The Climate Solutions Accelerator, which cosponsored the RBJ virtual discussion with Greenspark Solar, works to create a healthier, more equitable and environmentally sustainable community by catalyzing local efforts to eliminate greenhouse gas emissions and address the effects of climate change.
McHugh-Grifa believes climate change is very much a threat, but also an opportunity for the region, where transportation produces about 33 percent of all greenhouse gas emissions and another 25 percent comes from commercial and residential real estate.
“Our collective well-being depends on our ability to achieve a just transition to a regenerative economy,” she said. “A regenerative economy operates in sync with earth’s natural systems, repairs past degradation and harm, values multiple forms of capital and builds the health and long-term resilience of people and places.”
Solar energy can help provide some of those solutions for homeowners and businesses.
“One of the biggest benefits for a business or a residence or a not-for-profit is the ability to provide a hedge against high electricity prices,” Vanderbrook said. “I think we all experienced over the past year what high electricity prices mean, and solar is one of the few things that you can do to help address that. Once you’ve paid for solar and been sold solar, that’s the electricity rate you pay. You company’s not going to be subject to these unknown costs (for electricity).”
There’s an indirect gain as well: The public sees a commitment to environmental stewardship.
“There’s the benefits of how the market views your company in supporting clean energy and supporting the local economy,” Vanderbrook said.

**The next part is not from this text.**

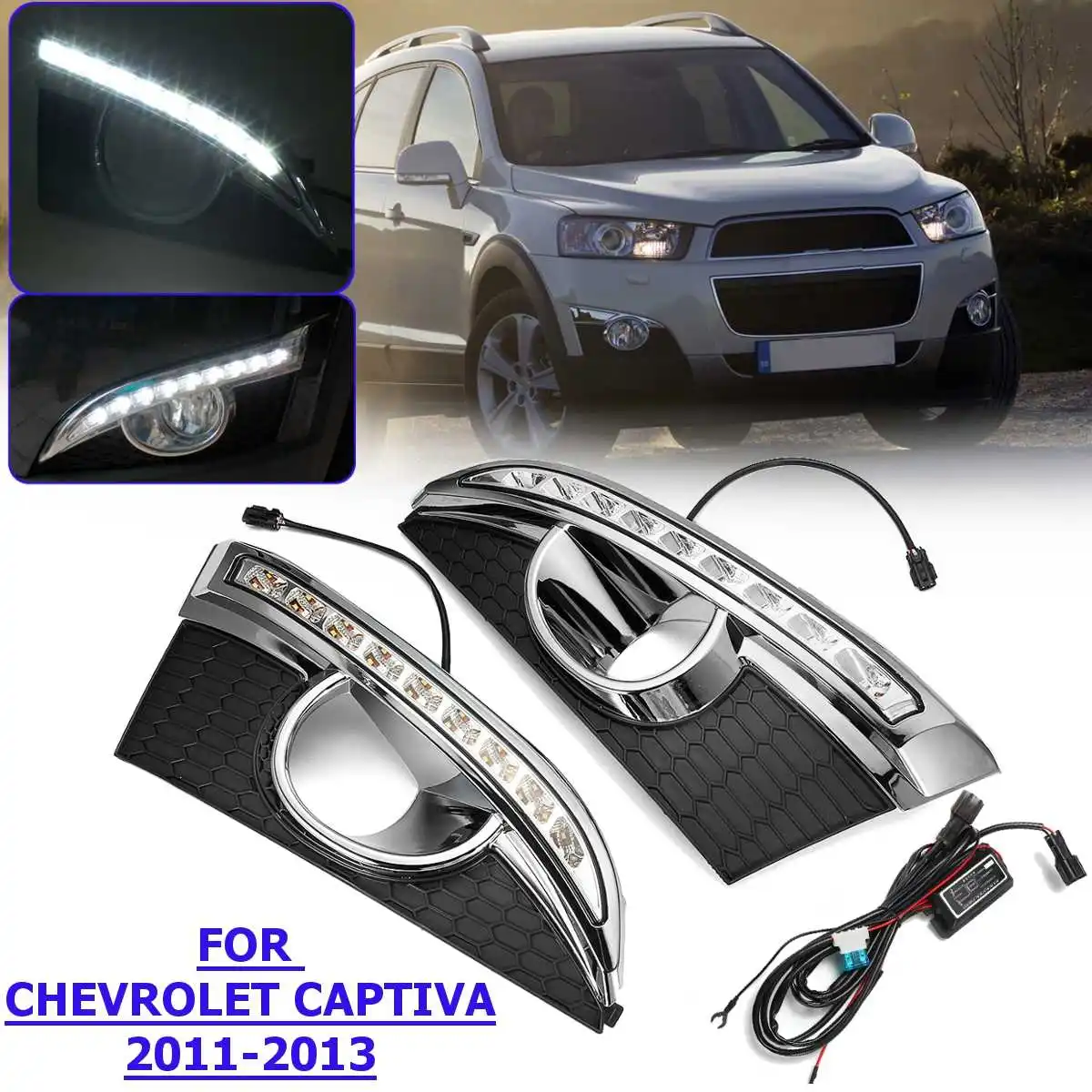 

12V 2Pcs Front LED Daytime Running Light DRL FOR CHEVROLET CAPTIVA 2011 2012 2013 Driving Fog Lamp Headlight White Car Styling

Within the Inflation Reduction Act is an extension for 10 years of the 30 percent investment tax credit for green energy. That extension provides assurance to investors that their project will benefit from the credits, but there now is a requirement for prevailing wages in construction of any large project.
Other incentives will be available if the project uses a certain percentage of equipment manufactured in the United States, if it’s an affordable housing development or if it’s built on a brownfield.
“There are multiple tax credits,” Knauf said. “You can get 50 to 60 percent tax credits, and if you go on a brownfield, you can get another 24 percent. So, if you can stack those, you can maybe get 74 percent or 84 percent tax credits for doing a renewable project on a brownfield in New York.”
Site approvals from local agencies can cause project delays, which is one reason New York enacted Executive Law Section 94-c. The provision created the Office of Renewable Energy, a state agency that can supersede other state and local approval processes on projects of 25 megawatts or greater.
But Knauf said there is legitimate concern about solar projects infringing on agricultural land. Green proponents need to balance the need to for green vs. the need for food. Some of that farmland is near the electrical transmission infrastructure, making it ideal for solar.
“A big conflict that’s going on now in our area of the state is there are utility-scale solar projects being sited all over rural areas,” Knauf said. “What it’s doing is using up good farmland, so that’s a major conflict. Can the farmers co-exist? They can get a lot of money from the solar developers but we’re losing good farmland.”